Readers who have followed the reporting of the Battle for Bangkok may recall that some time ago a parliamentary committee reported on the ammunition used by the Army in the period of the crackdown on red shirt protesters in April and May 2010. Back then PPT posted an account that reported on this. The report stated:
597,500 rounds of ammunition were disbursed by the army from its arsenal to support the Centre for the Resolution of the Emergency Situation’s activities from 11 Mar until the end of the rallies, and 479,577 rounds were returned. That means that 117,923 were used. The total number includes 3,000 sniper rounds of which 880 were returned, and 10,000 blank rounds of which 3,380 were returned….
Now the Bangkok Post has more figures on the use of ammunition, based on the account provided by the Truth for Reconciliation Commission:
… 597,500 bullets were drawn and 479,577 were returned. The TRC’s report also contained a chart showing the types of ammunition used…. About 59% were shotgun shells, 30% 5.56x45mm ammunition, 8% .308 bullets, 2% blanks and the remaining 1% 7.62x51mm sniper bullets.
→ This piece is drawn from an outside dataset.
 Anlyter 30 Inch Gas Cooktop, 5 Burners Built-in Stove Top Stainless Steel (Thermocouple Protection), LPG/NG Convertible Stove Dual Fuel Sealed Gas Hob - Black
The number of rounds fired is exactly the same as in the earlier report.However, the Bangkok Post reports states that the military disputes the figures. Remarkably, the military-sourced figures are higher! The Post states: “Almost 200,000 rounds of ammunition, including 500 sniper rounds, were used in military operations to crack down on red-shirt protesters in April and May 2010, according to an army source.”
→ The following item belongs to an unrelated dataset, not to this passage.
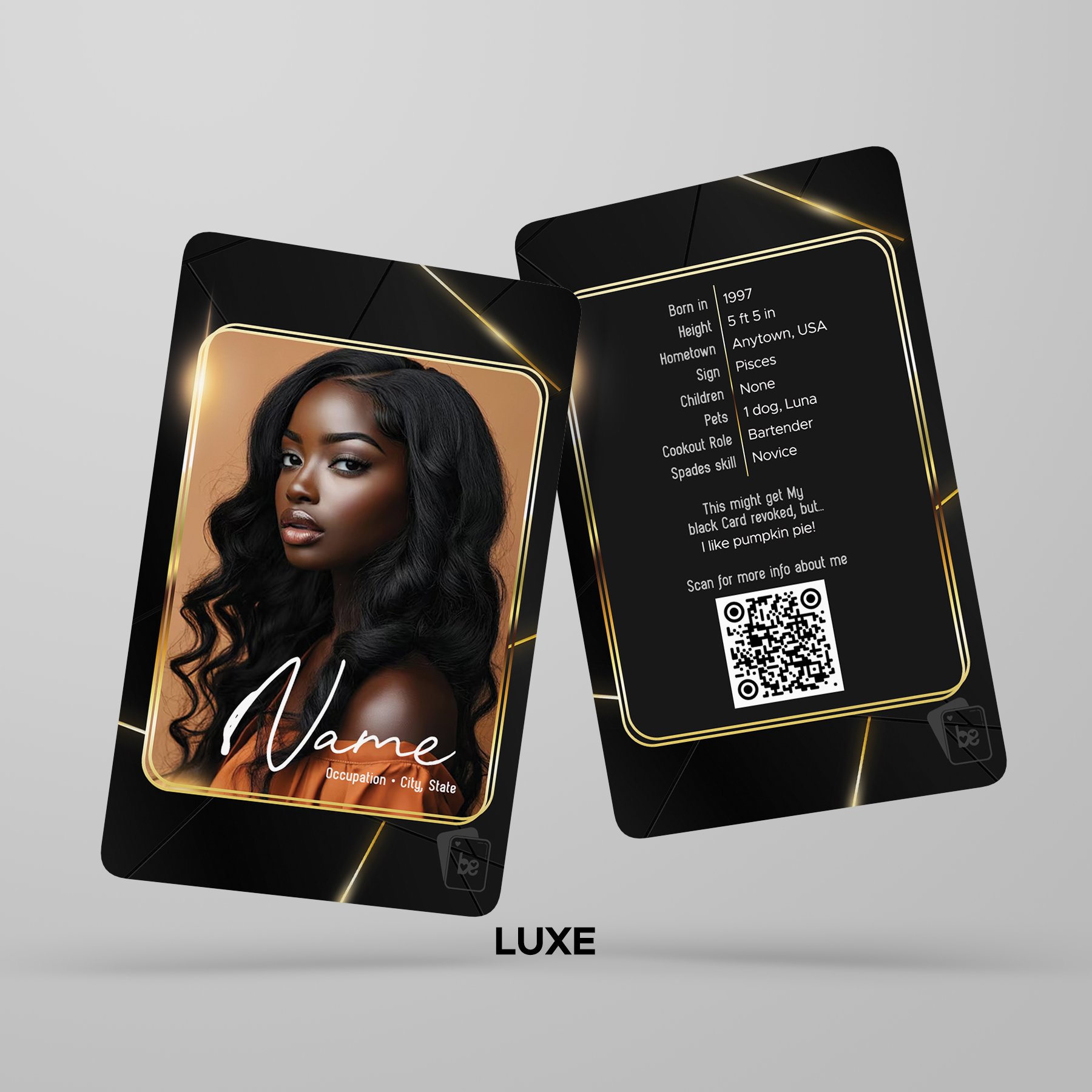 trading card example with black and gold luxe design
The army’s report is that 778,750 rounds were distributed for shooting at red shirt protesters and others. A total of 586,801 rounds were returned, which meant 191,949 were expended. While the figures don’t quite add up as set out in the article, of the used rounds, 52,729 were from shotguns, with 90,016 rubber shot cartridges also used.
The rest of the numbers in the report refer to various kinds of “5.56x45mm” ammunition, all of which seem compatible with various of the rifles used by the army, and 5,000 “other types of ammunition.”
It seems that the Army is trying to show that it really didn’t use any ammunition that can be stated to be “sniper cartridges, such as 7.62 mm, such as SIG-Sauer SSG 3000 and SR-25. Rounds for these weapons are presumably included in the “other types of ammunition,” where all of the issued ammunition was used.
As non-military types, it seems to us that the use of 200,000 rounds is quite remarkable.